In fMRI analysis, the scientist seeks to aggregate multi-subject fMRI data so that inferences shared across subjects can be achieved. The challenge is to eliminate the variability of anatomical structure and functional topography of the human brain, which calls for aligning fMRI data across subjects. However, the existing methods do not exploit the geometry of the stimuli, which can be inferred by using certain domain knowledge and then serve as a priori.
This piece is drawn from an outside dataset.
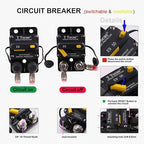 E9 Series 50 Amp Circuit Breaker with Manual Reset, Surface Mount, 12V - 72V DC, 50A Double 3/8" Stud Waterproof IP67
In this paper, such geometry is encoded in a graph matrix, and we propose an algorithm named Graph Hyperalignment for leveraging it. Specifically, a kernel-based optimization is developed to allow for non-linear feature extraction. To tackle overfitting caused by the high-spatial-and-low-temporal resolution of fMRI, the data in the new feature space are assumed to lie in a low-dimensional affine subspace, which can be implicitly integrated into the proposed optimization. Unlike other iterative existing methods, GHA reaches an optimal solution directly. Examining over four real datasets, Graph Hyperaligment achieves superior results to other methods.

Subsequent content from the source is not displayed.